Thomas “Amarillo Slim” Preston died this past weekend. He was 83 years old.
Though scandal clouded his reputation during his later years, Slim is still best remembered as the champion of the 1972 WSOP Main Event. Quite opposite in demeanor from the event’s only previous champion, the legendary Johnny Moss, Slim used the win as a springboard to the pop-culture limelight. He appeared on the Tonight Show, Good Morning America, and numerous game shows, and his larger-than-life personality and effortless charm won over TV hosts like Johnny Carson. Slim’s PR tour was one of the very first steps on the long road of popularizing – and thus legitimizing – the game of poker in an era of mass communications.
On TV, Slim played the role of pitchman, using his personality to sell the game of poker to a potential ocean full of fish. As historical curiosities those appearances are great, but they are lacking when it comes to allowing the audience to see a poker legend in his natural environment. Luckily for those of us who care about poker’s history, Amarillo Slim was popular enough at the time to be asked to play a part in legendary director Robert Altman’s 1974 film California Split. Even more luckily, poker’s first pitchman was constitutionally incapable of saying anything but “yes” to such an opportunity.
Nearly 40 years after its release, the film is still a great watch. It follows the exploits of a full-time hustler and a degenerate gambler writer, played by Elliott Gould and George Segal, who wager their money in nearly every conceivable way during the film’s 108-minute runtime. They shoot dice, they play the horses, but more than anything else they play poker. In a lot of ways the film serves today as a time capsule. Its settings – the card rooms of Gardena where limit Draw was the big game, the horse tracks where the Sport of Kings hadn’t yet begun its long, slow decline – have forever faded into history, and the people who were there are beginning to leave us as well.
The majority of the action takes place in California, but toward the end of the film Gould and Segal, fed up with the roller-coaster ride and ready to end it one way or another, head to Reno. After a big (and unlikely) winning streak in the casino, Segal decides to take his shot and sit in a big cash game. As Segal and Gould walk into the room and sit at the bar they begin scoping out the competitors in the game. They can pin down exactly what types of players they’re dealing with, but when they come to an empty seat it’s all speculation. “Who could tell?” Gould says. “Very tall stack of chips, it’s a little impressive.”
The seat’s absent occupant arrives on the scene moments after Segal is called over to the game – and lo and behold, it’s Amarillo Slim. He’s completely decked out in his Texas cowboy hustler uniform, Stetson perched atop his head and ostrich-skin boots on his feet, red suit jacket with black pinstripes draped over his lanky frame. His dark hair is just beginning to gray at the ends, and his sideburns reach down below his ears. Slim’s air is smooth and confident; he looks like the kind of man whose gambling knowledge is vast, earned through hard experience, and liable to end up expressed in homespun colloquialisms.

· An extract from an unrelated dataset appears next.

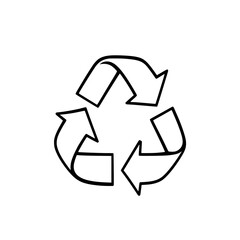 Fototapeta premium Recycle Arrows: A simple line art illustration of a recycling symbol, featuring three bold arrows forming a circular motion, conveying the concept of reuse and sustainability.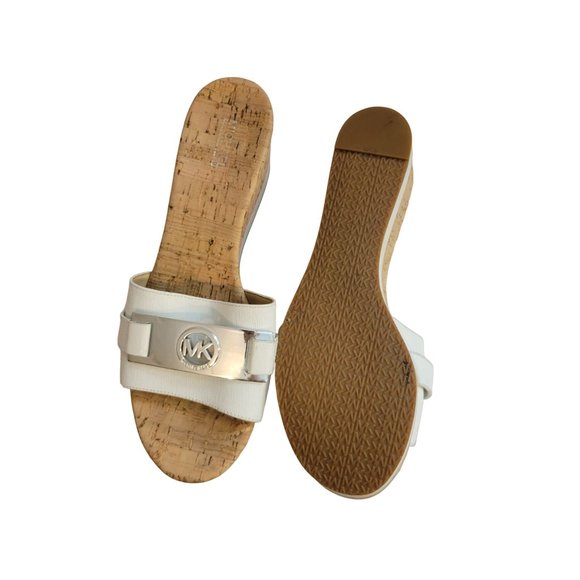 Micheal Kors Women's Wedge Leather Platform Sandal Rubber Outsole Size 8.5M - Picture 2 of 8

Talking with the bartender, Slim pulls an enormous stack of $100 bills from his jacket, probably worth upward of $10,000, and asks her to put some bets for him on a horse at Santa Anita. (“Ol’ Blue out of chute number two!”) Gould, who’s sitting nearby at the bar while Segal plays their money in the poker game, raises his eyebrows and shakes his head in disbelief. Then he asks Slim if the tip on the horse is reliable, saying he might put “get a taste of that” himself. Slim lights up at this, sensing that Gould may be a man with money to burn. “You want to risk it in that poker game?” he asks Gould, nodding toward the table with an easy smile. Gould tells him he’s already in the game, having part of his partner’s action; Slim promises him, “I won’t play at you too hard.”
Remarkably, watching him in action for the few minutes he’s on-screen, it never feels like Slim’s acting. Part of that can be attributed to Altman’s naturalistic style of filmmaking. But even with that taken into consideration, it’s easy to see that Slim is the perfect man for the part. His entire mode of functioning in his natural environment is an act: his constant, almost subconscious, scanning of the crowd for a sucker; his familiarity with the staff in the poker room; his nonchalance with enormous sums of cash money. But beyond that, he is a poker player. The spark in his eye when he thinks Gould might be an easy mark is a telltale sign of the sense that enabled him to make a living in back-room poker games all across Texas back in the old days.
For the viewer, getting the chance to see that look, and the dance he engages in with Gould, without losing a large sum of money directly afterward is akin a gazelle getting the chance to walk past a sleeping lion. Given that this particular lion has now moved on to the great savanna in the sky, this scene is now nothing less than a priceless historical relic.